▶ **What you are asked to do**: Pictures are to be left out; otherwise, copy exactly the lines from the line containing "Culbuteur Mercedes A 472 050 13 34" through the end of the data.

▶ **Data provided**:
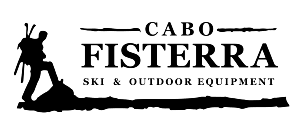 Cabo Fisterra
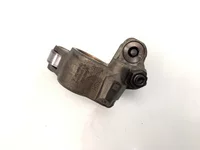 Culbuteur Mercedes A 472 050 13 34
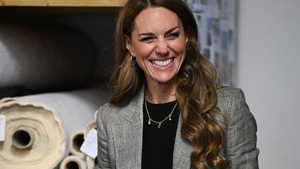 Regele Charles i-a cerut lui Kate Middleton să își schimbe numele. Motivul incredibil din spatele deciziei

▶ **Output for this exercise**:
 Culbuteur Mercedes A 472 050 13 34
 Regele Charles i-a cerut lui Kate Middleton să își schimbe numele. Motivul incredibil din spatele deciziei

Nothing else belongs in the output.